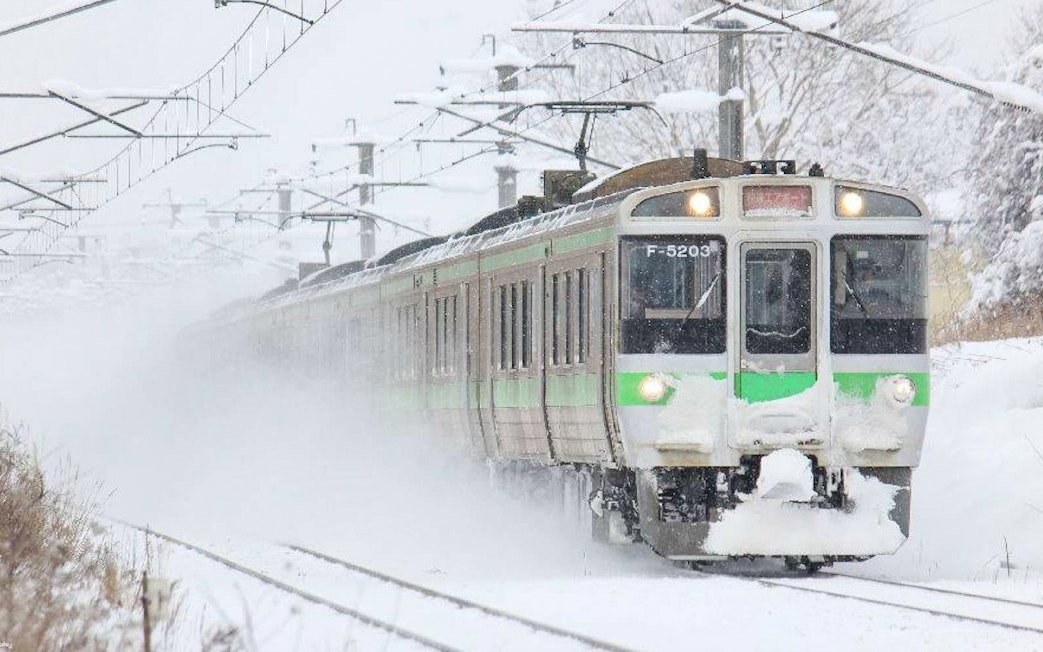 Train traveling through snowy landscape in Hokkaido, Japan, using Hokkaido Rail Pass.
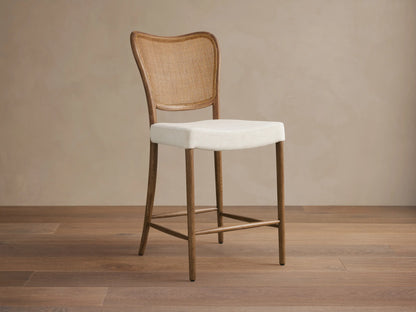 Noa Stool, cinder-stained oak frame, woven rattan back, light cream fabric cushion, angled right on wood floor.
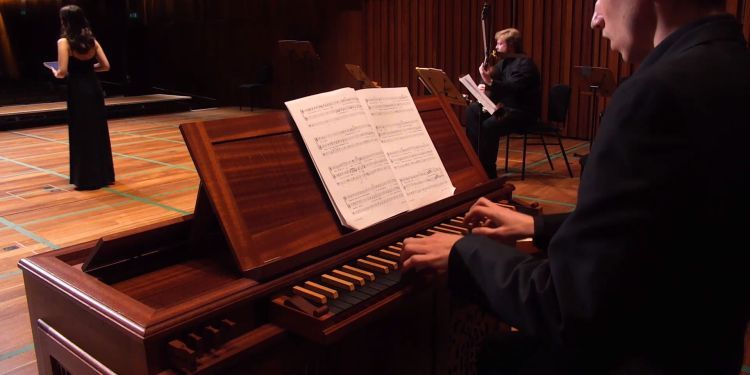 Harpsichord player peforms in Milton Court Concert Hall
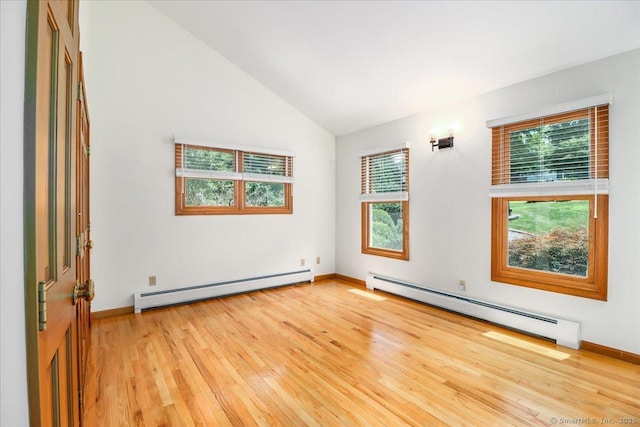 6 Big Buck Ln, Brookfield, CT 06804 - empty room featuring a baseboard heating unit, light wood finished floors, and vaulted ceiling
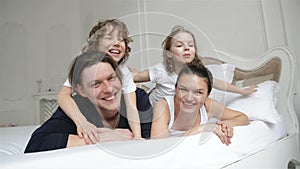 Happy Parents and Two Laughing Kids are Lying on the White Bed Having Fun Together During Weekend at Home. Young Couple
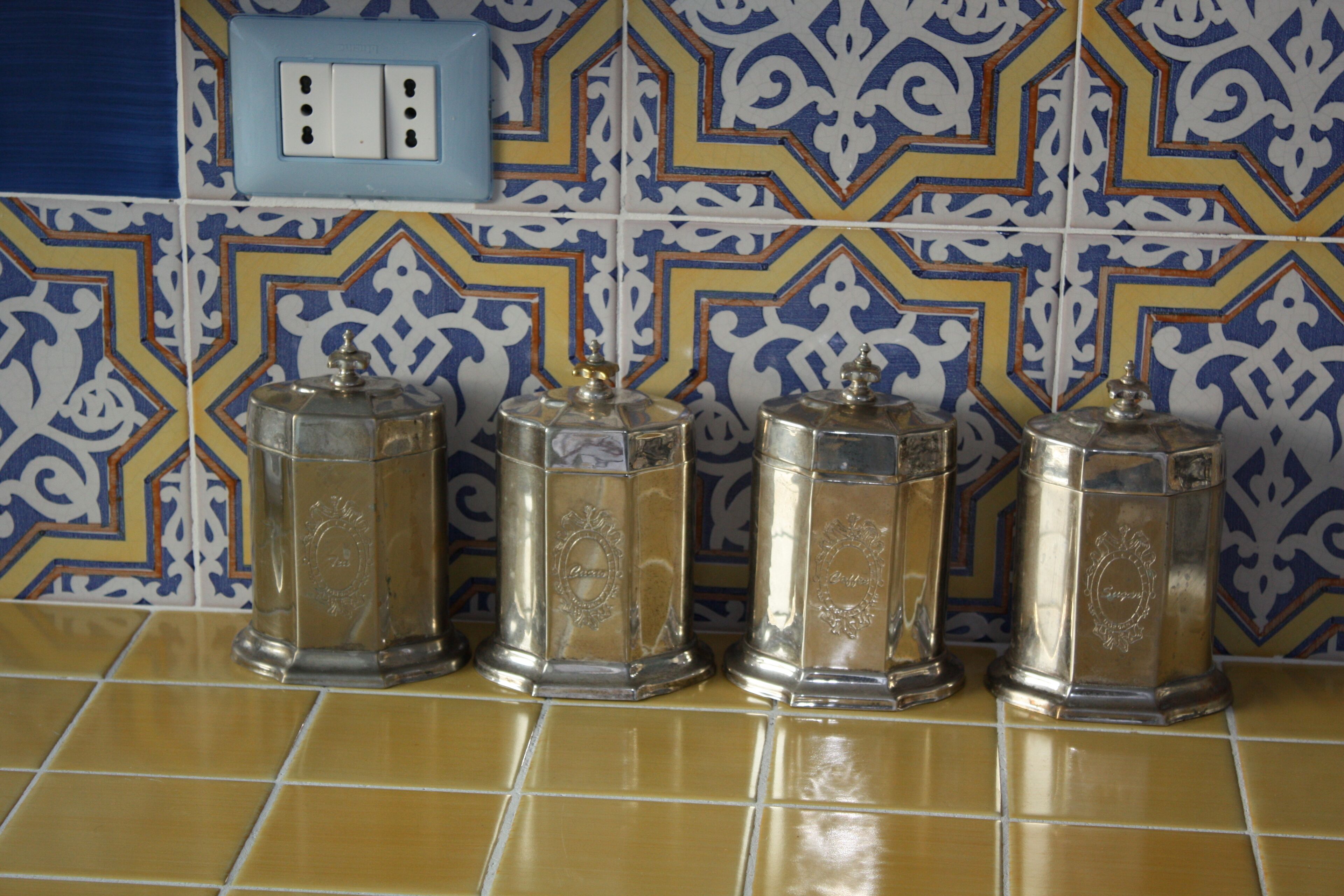 A tiled kitchen backsplash with a geometric pattern and four metallic containers on a tiled countertop.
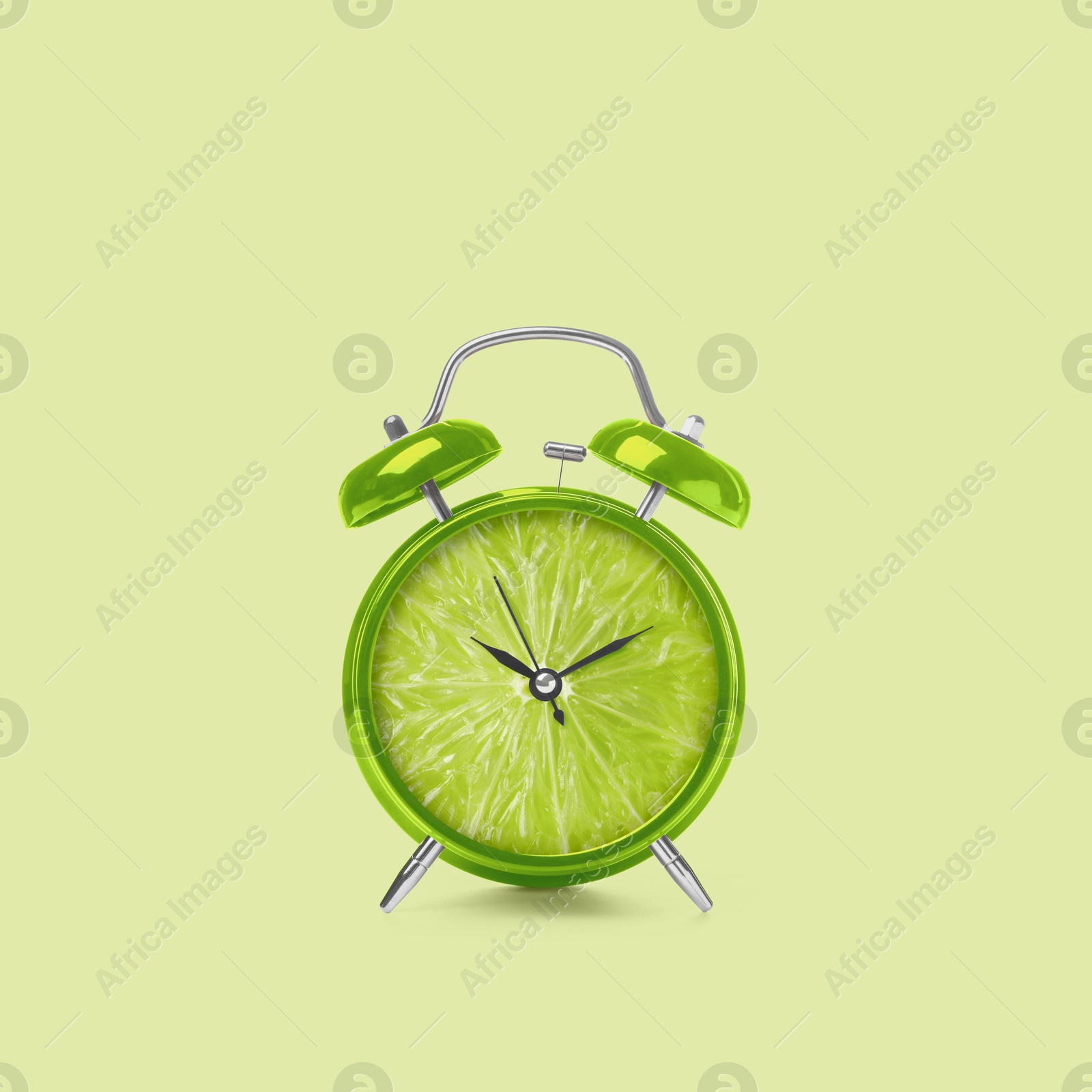 Image of Juicy lime on alarm clock dial against light green background. Creative poster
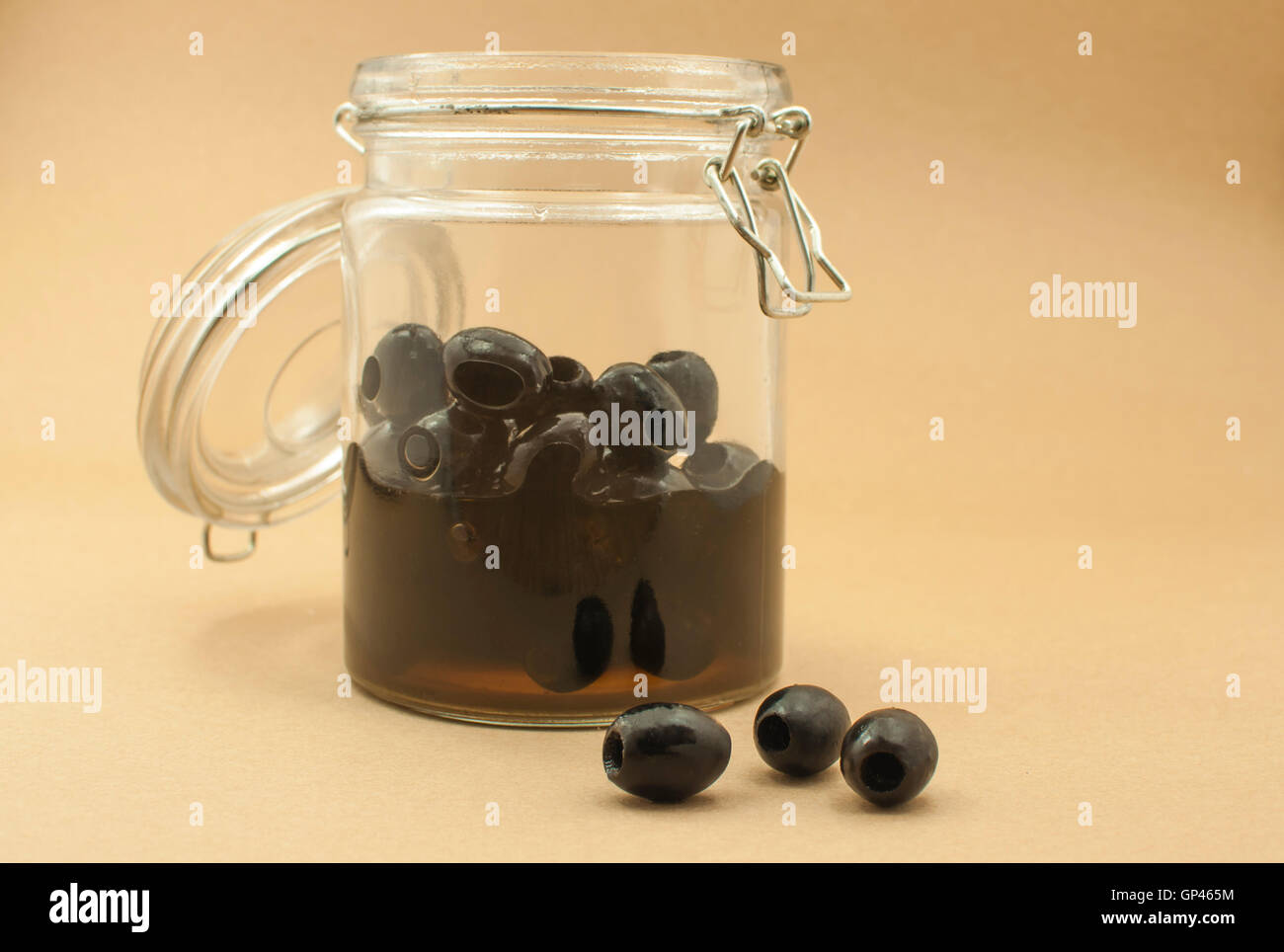 pickled black olives in glass bottle Stock Photo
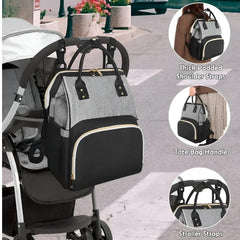Huitich modern baby travel bag in gray and black with padded shoulder straps, tote handle, and stroller straps Huitich modern baby travel bag in gray and black with padded shoulder straps, tote handle, and stroller straps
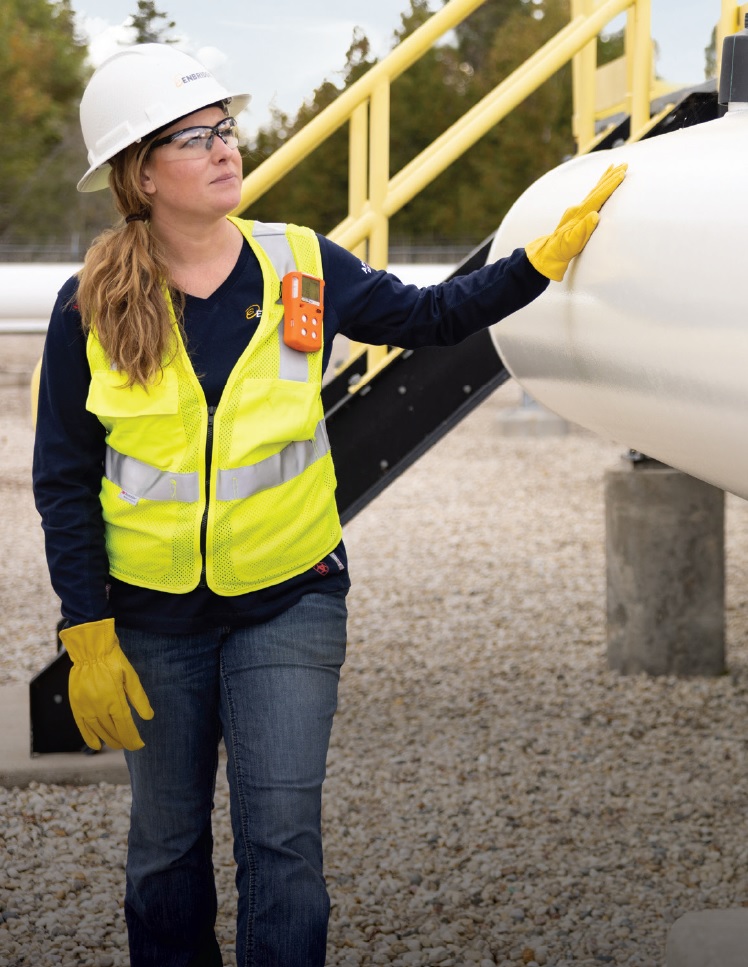 Woman in safety gear inspecting a pipe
◆ ◆ ◆ ◆
> **TASK DIRECTIONS**:
Could you transcribe exactly the lines from the line containing "Noa Stool, cinder-stained" through the final line of the records, both included, and nothing beyond them? The pictures should be left out.

> **RESPONSE FOR THIS EXERCISE**:
 Noa Stool, cinder-stained oak frame, woven rattan back, light cream fabric cushion, angled right on wood floor.
 Harpsichord player peforms in Milton Court Concert Hall
 6 Big Buck Ln, Brookfield, CT 06804 - empty room featuring a baseboard heating unit, light wood finished floors, and vaulted ceiling
 Happy Parents and Two Laughing Kids are Lying on the White Bed Having Fun Together During Weekend at Home. Young Couple
 A tiled kitchen backsplash with a geometric pattern and four metallic containers on a tiled countertop.
 Image of Juicy lime on alarm clock dial against light green background. Creative poster
 pickled black olives in glass bottle Stock Photo
Huitich modern baby travel bag in gray and black with padded shoulder straps, tote handle, and stroller straps Huitich modern baby travel bag in gray and black with padded shoulder straps, tote handle, and stroller straps
 Woman in safety gear inspecting a pipe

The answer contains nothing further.